In yesterday’s Brighton Half Marathon, my second ever, I got a time, exactly the bloody same time as last year. In fact, 30 seconds slower. 2 hours, 2 minutes, 34 seconds. I don’t mind telling you, I wanted to cry.
But! All is not lost.
First up, I didn’t start where I should have at around the 1:45 point. Thanks to some steward not letting me cut into the 1:20 pen and walk back, I found myself starting at the 2 hour mark. That’s a lot of people to manoeuvre around and the course is narrow and busy so my idea of cutting past people like some whippet didn’t really happen. Maybe it was also my bladders fault for needing a last minute wee, but next time, no Mrs Nice Runner, I shall push forward to where I want to start. But I am British still, so I will say sorry a lot whilst pushing in.
Secondly, unlike last year when I died at the 10 mile mark, I did the exact opposite. I had more space, and realised I was not on time for a personal best so I started pegging it. As much as my tired-of-running-10-miles-of-running-already legs could manage. This is good, as at least I paced myself and probably could have run faster all along.

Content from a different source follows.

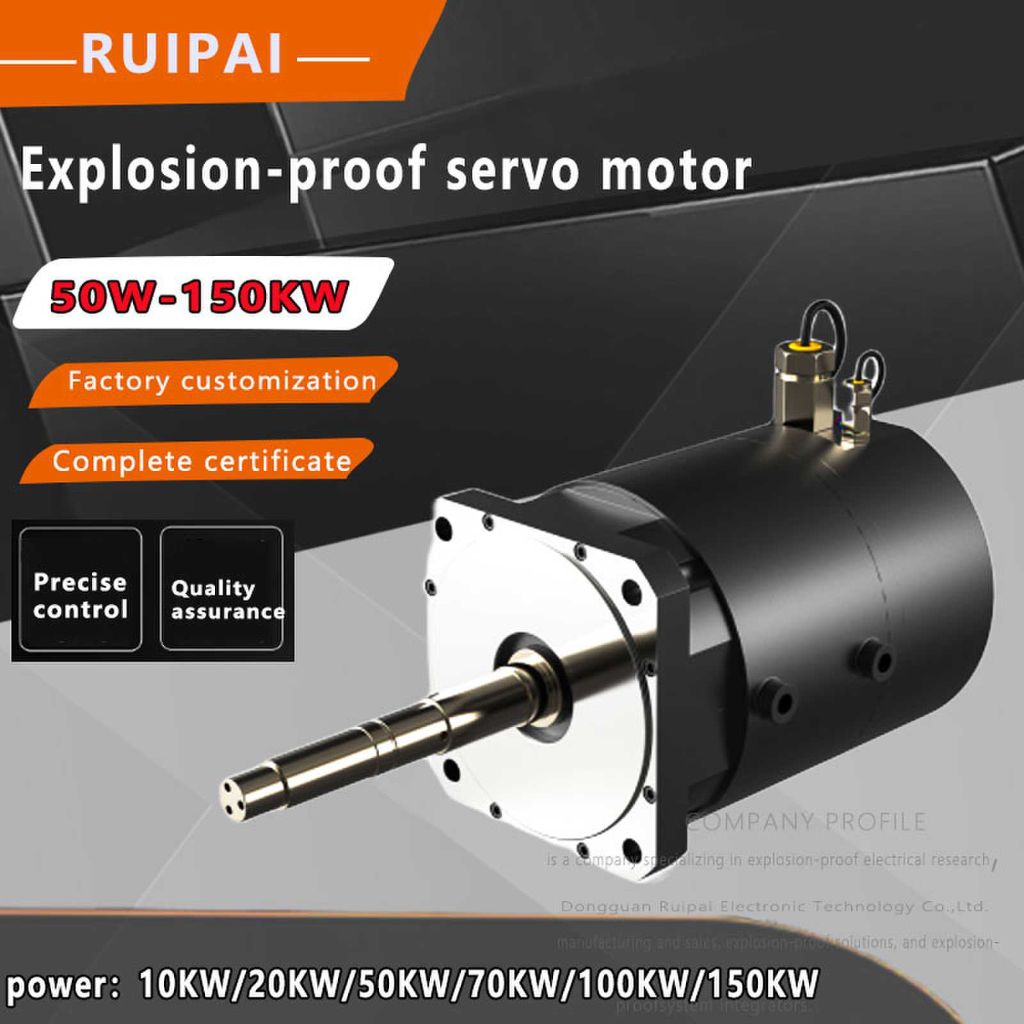 Ruipai Explosion-proof Servo Motor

Third of all, and some would say most importantly, the course was a bit longer. Lots of runners seemed very worked up about this, but as long as I get to stop at some point I’m not that fussed. It appears despite many checks of the course length (13.1 miles for a half marathon) was actually around 13.5 miles. This is the really good news, as funnily enough adds about ooh, around 2 minutes and 34 seconds to my time. Cut that off and well-whaddya-know, 2 hours. A personal best! And all thanks to maths! And I hate Maths! Who would have thought it?
Fourtherly, and most important to me, I did not repeat DID NOT get overtaken embarrassingly by someone dressed as a toilet. I did see a guy dressed as Sponge Bob Square Pants, and a bloke in pink leotard. After the finish line this year I saw two ‘toilet people’, who run for charity Water Aid in case you were wondering, and almost mentioned last year’s overtaking incident, but thought better of it. I wasn’t in a good mood at this point, did I mention the wanting to cry already? I did? Good.

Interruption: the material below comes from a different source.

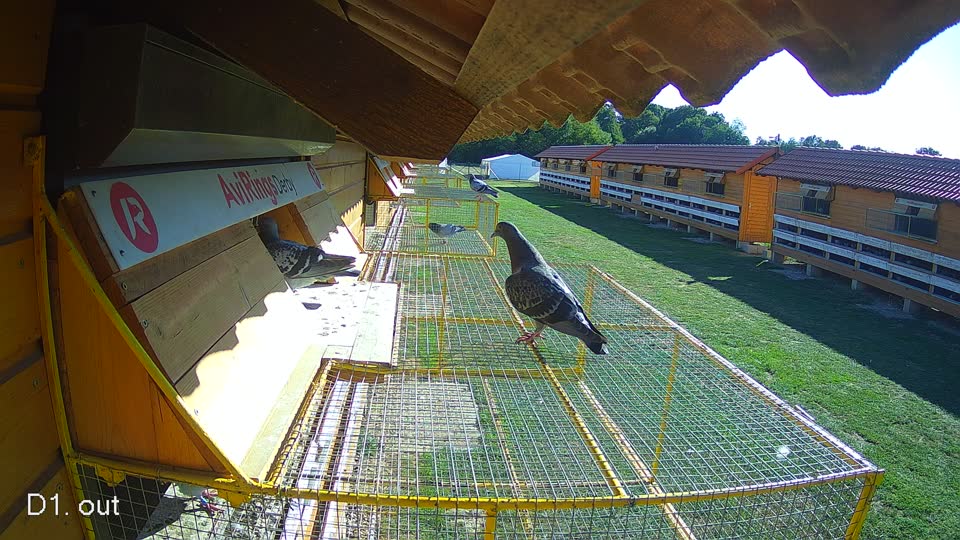 Pigeon Arrival Image For Race Final Race 1/3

Another issue I had, which I am embarrassed to admit working in radio-land, my Ipod playlist ended at mile 10. I don’t know how I over looked the playlist length, but I wasn’t going to waste time fishing the thing out of my pocket and trying to unlock it and starting it again. That’s like, 10 whole seconds wasted. And if I had done that I would have missed one of the funniest moments of the whole race. Running past a bloke at 11 miles who had stopped to walk for a bit, and overhearing his earphones blaring out Queen Don’t Stop Me Now. That, Alanis Morissette, is irony. I think.

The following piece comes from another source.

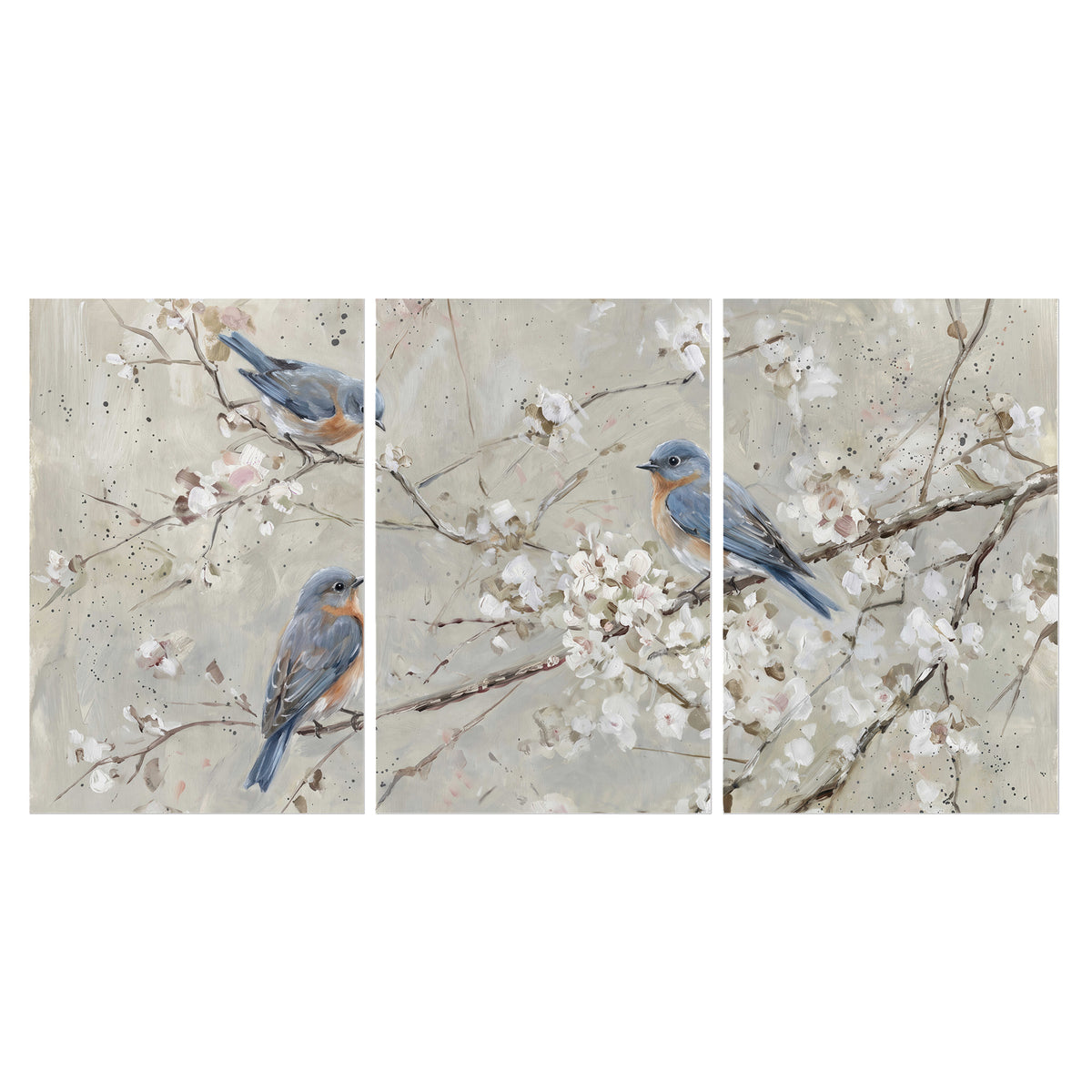 Bluebirds perched on delicate white flowering branches against pale sage set of 3 poster prints viewed straight on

So those are my excuses, should you wish to believe them or not, unless you’ve done a half marathon I’m listening to you anyway. If this were a tweet I’d put a smiley face there, but I’ve already lowered the tone with deliberate spelling errors so I won’t. Lets hope I don’t have to cheat to get a PB at the Reading Half in April. The target after that, is still to finish the Brighton marathon in under 4 hours. But for today, I can’t walk.